EXERCISE BRIEF:
Quote the records below in full, exactly as given, with the images taken out.
╭─ RECORDS PROVIDED
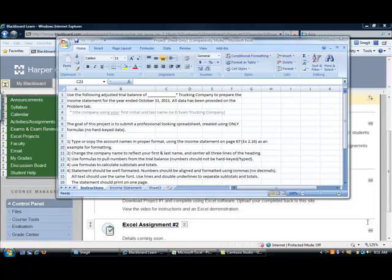This video will be a quick introduction to project number one and a demo of Excel. If you need additional help, please contact your instructor or go to the Tutoring Center in F315.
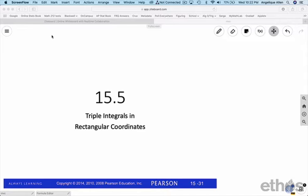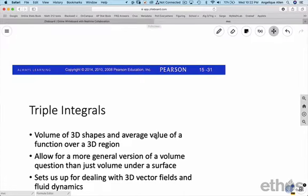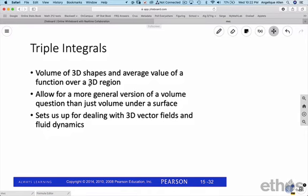Welcome to lesson 15.5, Triple Integrals in Rectangular Coordinates. We skipped section 15.4 in the interest of time because I wanted to introduce the penultimate way to calculate volume. While we did volume in 15.3, we had a very specific volume — the volume under a surface above a plane — and that's not always adequate to describe the volume of an object. With triple integrals we can find the volume of 3D shapes formed by the intersection of two surfaces, and we can also calculate the average value of a function over a three-dimensional region.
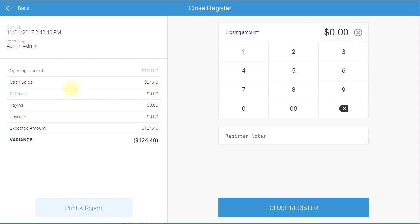To print this report, select Print X Report. Track the amount of cash in the register at the time it is being closed by entering the closing amount.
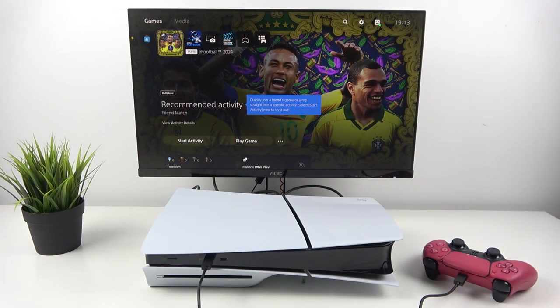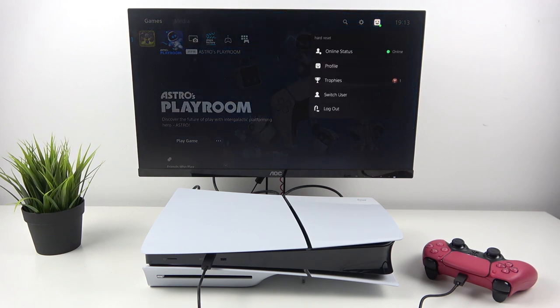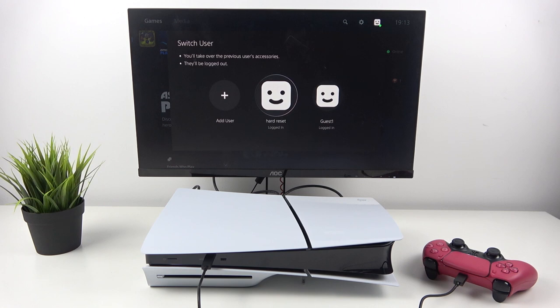From the home page of your PS5, go to your profile. Now select Switch User and select from available users.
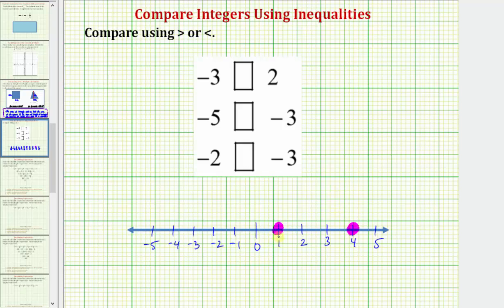So if we have two numbers on the number line, the larger one is always on the right and the smaller one is always on the left. Notice it's also always going to be true that a negative integer is always going to be less than a positive integer, or we can say a positive integer is always going to be greater than a negative integer.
╰─
SOLUTION BELOW:
This video will be a quick introduction to project number one and a demo of Excel. If you need additional help, please contact your instructor or go to the Tutoring Center in F315.
Welcome to lesson 15.5, Triple Integrals in Rectangular Coordinates. We skipped section 15.4 in the interest of time because I wanted to introduce the penultimate way to calculate volume. While we did volume in 15.3, we had a very specific volume — the volume under a surface above a plane — and that's not always adequate to describe the volume of an object. With triple integrals we can find the volume of 3D shapes formed by the intersection of two surfaces, and we can also calculate the average value of a function over a three-dimensional region.
To print this report, select Print X Report. Track the amount of cash in the register at the time it is being closed by entering the closing amount.
From the home page of your PS5, go to your profile. Now select Switch User and select from available users.
So if we have two numbers on the number line, the larger one is always on the right and the smaller one is always on the left. Notice it's also always going to be true that a negative integer is always going to be less than a positive integer, or we can say a positive integer is always going to be greater than a negative integer.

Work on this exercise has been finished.